# The Little Big Eight layout



## Longvallon (9 mo ago)

Hello There !
I started the building of The Little Big Eight layout in H0 scale. Why a figure 8 layout? For absolutely no serious reason except for the fun. The dimensions are: 32" x 87" . I use Trix C track and a very small Märklin crossover (modified for 2-rails DC, of course!). This little device solved all my electrical issues because with the big one I had a big short on the entire layout. All your comments, advices and criticism will be greatly appreciated.


----------



## Longvallon (9 mo ago)

Before painting the benchwork, I did a test. Everything works well !


----------



## Dennis461 (Jan 5, 2018)

So, you have 15" radius track?


----------



## Longvallon (9 mo ago)

Dennis461 said:


> So, you have 15" radius track?


 Yes, but not everywhere.
62130=15"
62230=18"


----------



## Longvallon (9 mo ago)

A new video.
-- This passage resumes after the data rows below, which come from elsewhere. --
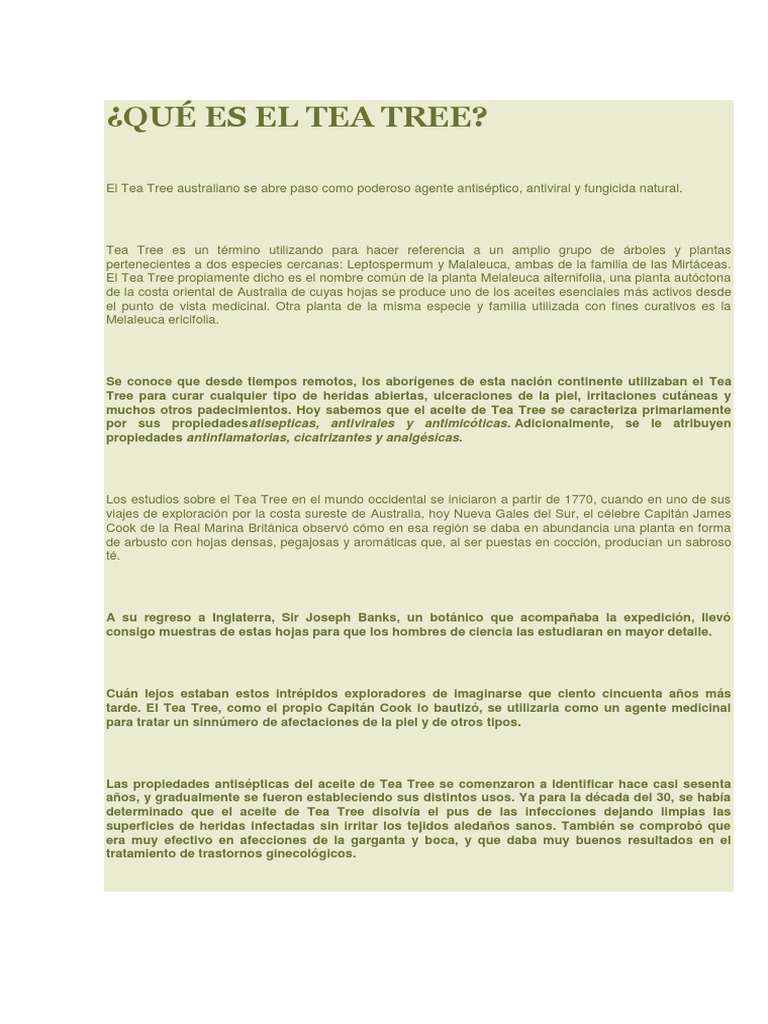 Aceites de Tea Tree y Rosalina | PDF | Champú | Aceite de oliva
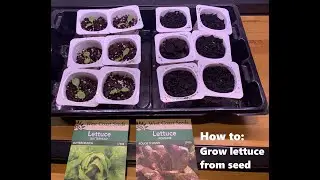 Grow Lettuce Indoors from Seed: Tips to save money and garden year round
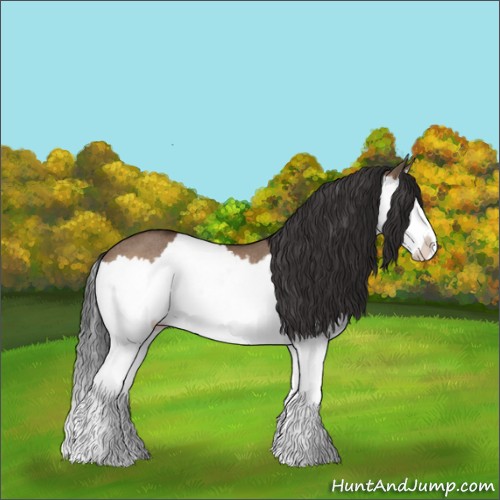 Horse Color:Bay Dun Splash Rabicano 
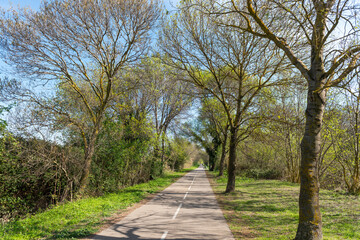 Cycle and pedestrian path in the undergrowth, in early spring, in Poussan, Occitanie, France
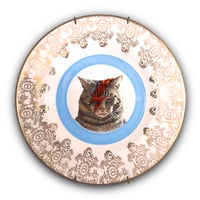 Image 1 of Bowie Cat (Ref. 631)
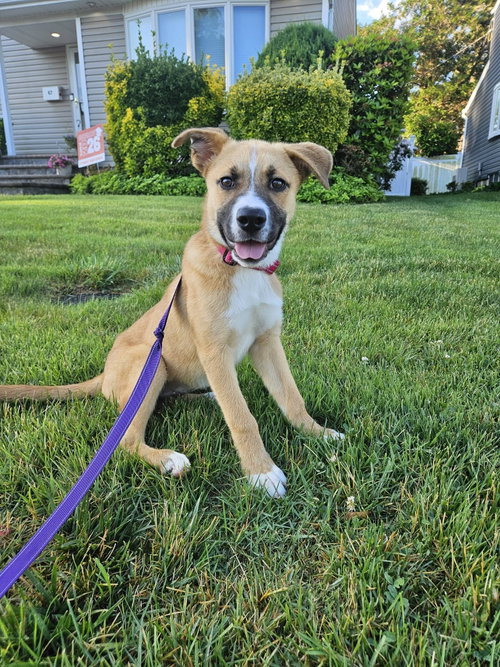 CORA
Enjoy !


----------



## GTW son (12 mo ago)

One more car on there and its a figure 8 demolition derby....
Great start.
I'm going to guess the track is not fastened down so you can tear it apart and experiment when ever you want.


----------



## Longvallon (9 mo ago)

GTW son said:


> One more car on there and its a figure 8 demolition derby....


----------



## Longvallon (9 mo ago)

I nailed the track on the benchwork.


----------



## Longvallon (9 mo ago)

I got a direct order from SWMBO: "we need more room for really serious things. So you must dismantle your layout right now !". That's what I did. I put all my model railroad stuff in boxes.


----------